I just made some minor corrections to the Seals Stadium diagram, with details such as the entry tunnels and a more accurate size estimate. The diagram now shows the dimensions for 1959, which I suspect were also in effect for 1958, which I had relied upon previously. There are also all-new diagram versions for the minor league period for the first time: 1931 and 1947. Other revisions are nearing completion...
I was startled to see Yankee Stadium in its primitive version on Turner Classic Movies today, in They Learned About Women (1930). It was a strange plot with two long-forgotten vaudevillians in the starring roles. There were two odd aspects of the baseball scenes: Yankee Stadium was shown in its pre-1928 form, with only a single deck in the left field corner, and there were frequent clips of Shibe Park, which did not look remotely like Yankee Stadium. You'd think more people would have noticed that glaring inconsistency.

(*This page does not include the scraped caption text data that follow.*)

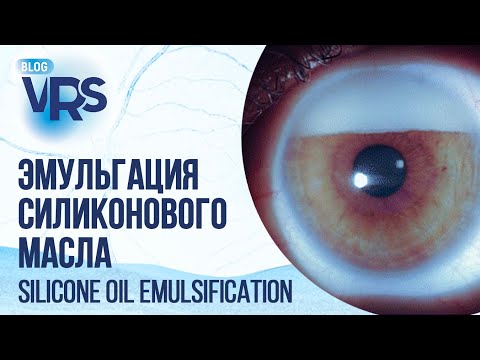 Видео: Эмульгация силиконогового масла и АГО | Silicone oil emulsification and glaucoma surgery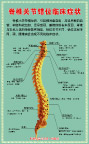 脊椎关节错位临床症状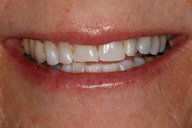 Teeth and lips before photo of patient (L) for dental crowns smile makeovers from New Jersey cosmetic dentist Dr. Allyson Hurley.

So, I updated the "Cinema" box on the Yankee Stadium page, while adding the lineups for the 1977 and 2009 World Series champion teams (along with the 1962 and 2000 teams). I also grouped the photo captions into sections that open and close by clicking on their respective headings, like I did for Nationals Park recently. It's the best way to keep all those photos straight, I think.
In preparation for the Fall 2012 football season, the Washington Redskins will remove 4,000 more seats from FedEx Field, bringing the seating capacity down to only 79,000, plus 4,000-5,000 standing-room tickets per game; see Washington Post. Hat tip to Mike Zurawski. Their average attendance last year was just over 76,000. They had already removed seats last year, reducing the capacity from 91,704 to about 83,000. With all the excitement over the signing of quarterback Robert Griffin III ("RG III"), perhaps the fans will get excited enough to go see Redskins games again. And then they'll put more seats back in, etc., etc., etc.
Speaking of "football" stadiums in Washington, there is a new push to get land for a new stadium for the D.C. United soccer team, after two big investors -- Erick Thohir and Jason Levien --became part owners. It would be located in the Buzzards Point industrial neighborhood, about four blocks southwest of Nationals Park. See Washington Post.
I noticed that the www.stadiumsofnfl.com Web site seems to have died. Does anyone know if its content migrated elsewhere?
Many thanks to Dr. Thomas Tomsick, author of Strike Three! My Years in the 'Pen, for renewing his sponsorship of the Cleveland Stadium page.